La crisis sanitaria ha implicado un parón en múltiples actividades industriales de producción a lo largo de todo el continente europeo.

En el fondo de estas medidas se encontraban o bien motivos de salud laboral o causas de origen funcional, como pueda ser la escasez de materias primas y bienes intermedios, esenciales para la producción.

En este sentido, la alemana Jungheinrich interrumpió la producción en la fábrica de la localidad bávara de Moosburg el 27 de marzo debido a la escasez de entregas en el suministro de materiales por parte de los proveedores de componentes como consecuencia de la crisis del coronavirus.

Consecuentemente, en aquel momento se tomó la decisión de planificar la reposición de existencias e inventarios mientras se mantenía el descanso de producción.

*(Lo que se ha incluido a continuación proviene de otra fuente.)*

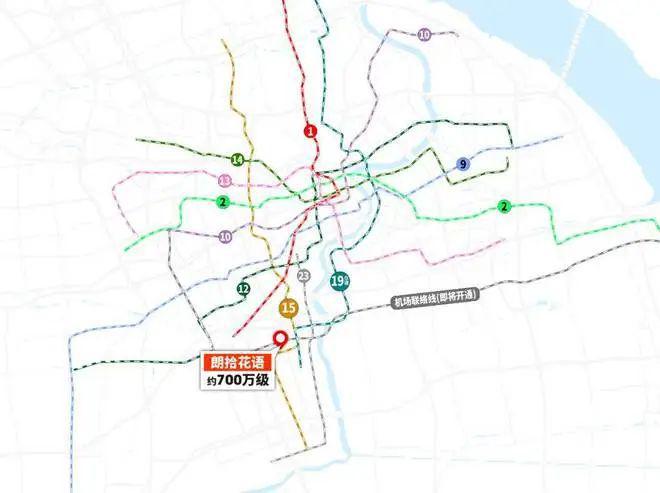 澳门威斯尼斯中国铁建万科·朗拾花语官方发布@闵行朗拾花语官方网站@房产百科(图5)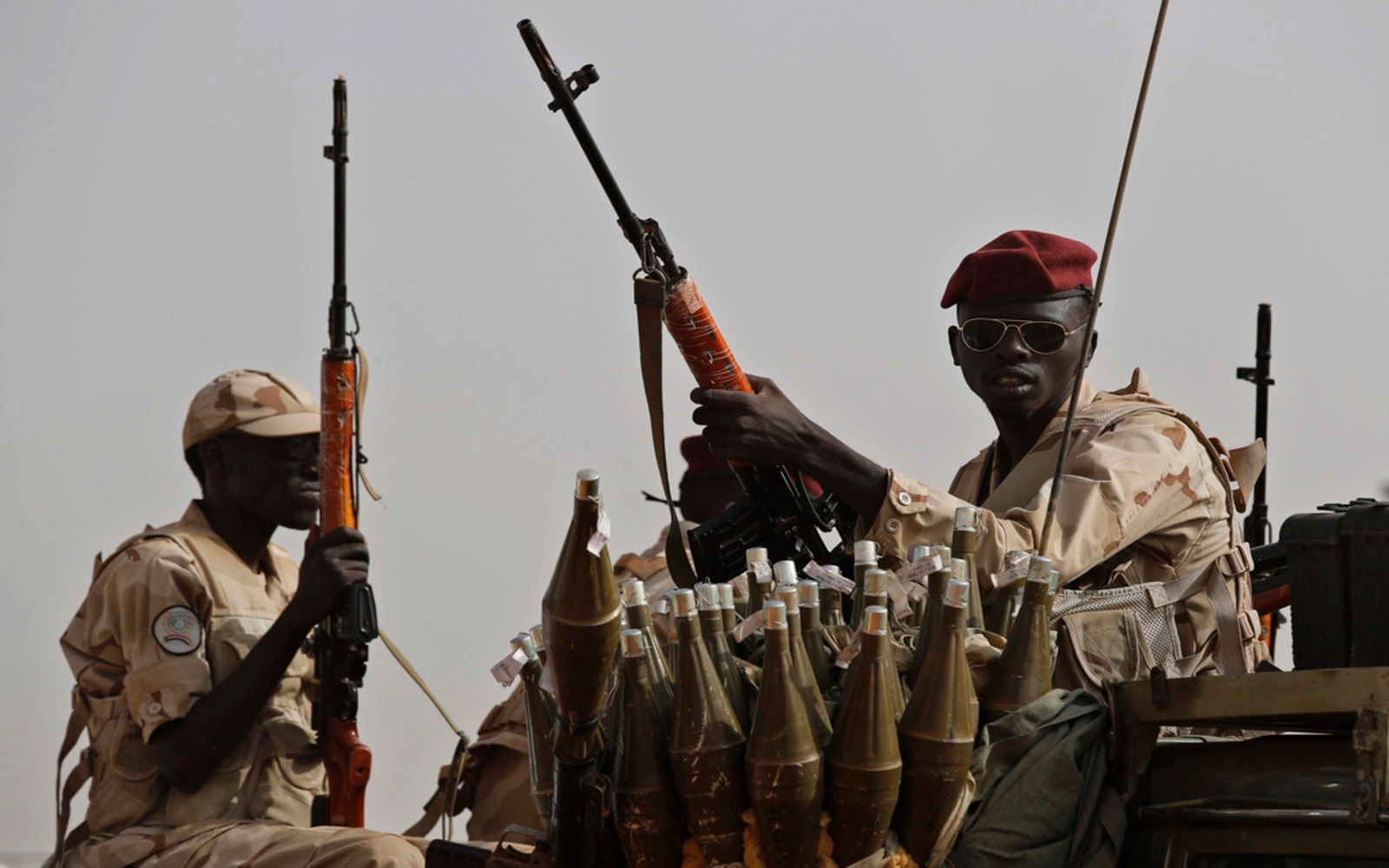 RSF conduct first drone attack on Port Sudan, says army spokesperson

Tras algo más de dos semanas y siguiendo el calendario previsto, ya con material para poder abordar la producción, la marca germana de equipos de manutención ha reanudado esta misma semana las operaciones de su planta alemana, con lo que todas las plantas de la compañía han vuelto a estar operativas.

De este modo, con el inicio del primer turno de trabajo en las instalaciones, se retoma la producción de carretillas contrapesadas con motores eléctricos y de combustión interna después de una pausa de dos semanas.